Under Solvency II, the fire risk challenge involves calculating the capital requirement for fire-related events—such as fires, explosions, and terrorist attacks—by identifying the largest concentration of insured assets at risk. This can be approached as a location optimization problem: finding the optimal center of a fixed-radius circle that captures the maximum total value of insured fire risks within that area. The structure of this problem closely mirrors the **Maximal Covering Location Problem (MCLP)**, a well-established model in operations research used to maximize coverage within a limited range.

**The Maximal Covering Location Problem (MCLP)**

Originally proposed by Church and ReVelle in 1974, the Maximal Covering Location Problem (MCLP) focuses on placing facilities in locations that maximize coverage of demand points within a predefined distance. In this context:

1. **Demand points** represent locations that require coverage, such as populations, assets, or infrastructure.
2. **Facilities** are placed to cover as many of these points as possible, within a fixed coverage radius.
3. The goal is to **maximize total demand covered** using a limited number of facilities and a set coverage distance.

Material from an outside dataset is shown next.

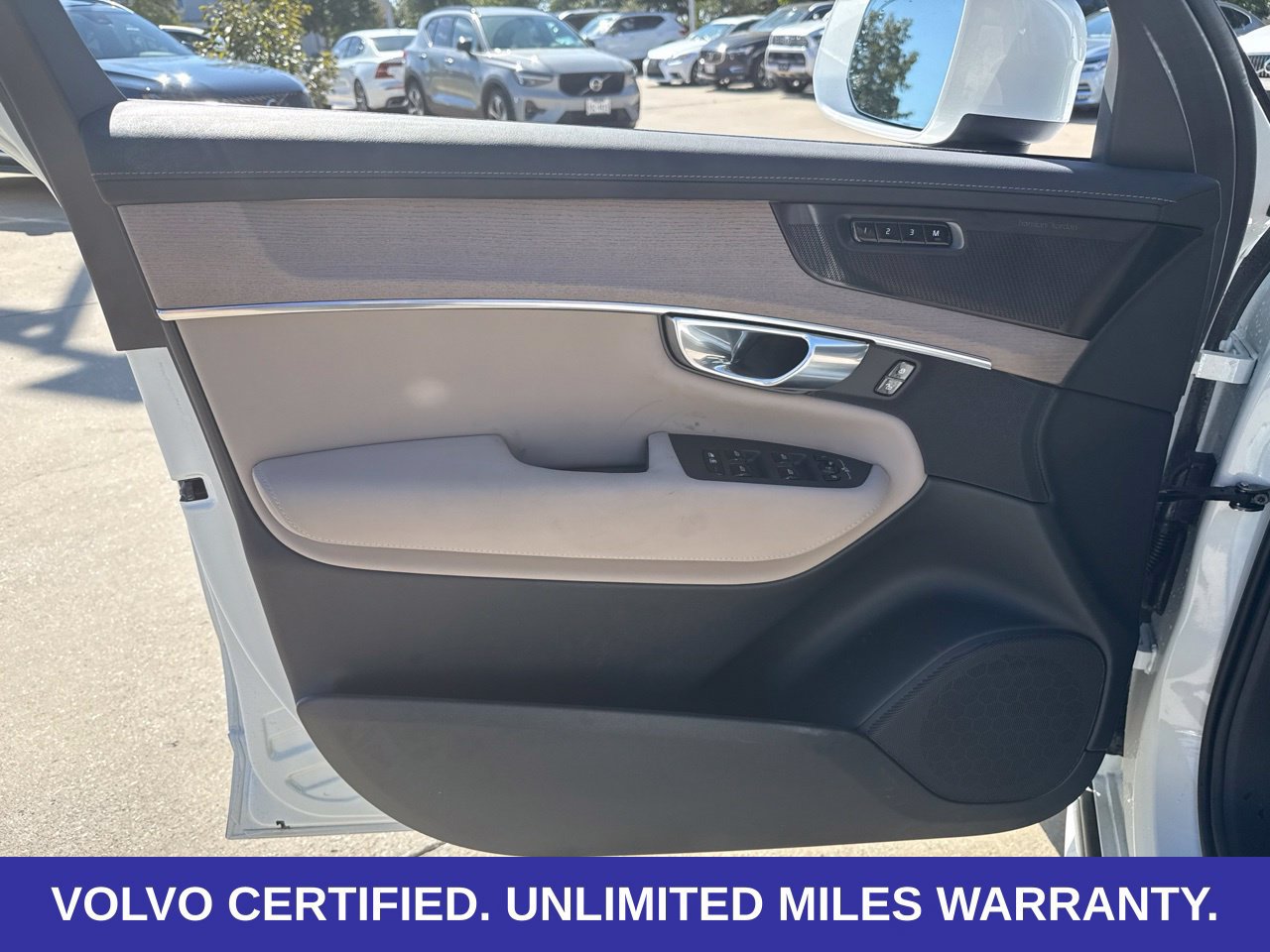 Certified 2026 Volvo XC90 B6 Plus AWD/4WD image 27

**Strategic Rationale for Applying MCLP to Fire Risk Assessment**

The Solvency II directive requires insurers to assess their capital exposure to fire risk by identifying the highest concentration of insured assets within a 200-meter radius. This challenge aligns closely with the Maximal Covering Location Problem (MCLP), a proven model from operations research used to optimize coverage within a fixed area. The similarities are clear:

1. **Valuable Assets as Demand Points:** Each insured building or asset is treated as a demand point, similar to how MCLP models locations needing coverage.
2. **Fixed 200-Meter Radius:** The regulatory requirement mirrors MCLP’s coverage radius—assets are either within range or not.
3. **Focus on Maximum Exposure:** Just as MCLP aims to maximize covered demand, the fire risk assessment seeks to identify the location with the greatest insured value concentration.

### Algorithm: Maximal Covering Location Problem (MCLP) via Raster Analysis

#### Overview

This algorithm presents a practical and scalable solution for identifying high-risk locations using the Maximal Covering Location Problem (MCLP), implemented through spatial raster analysis. Built on the robust capabilities of the `terra` package in R, the approach transforms complex spatial data into actionable insights. It enables insurers and urban planners to pinpoint areas of highest risk concentration.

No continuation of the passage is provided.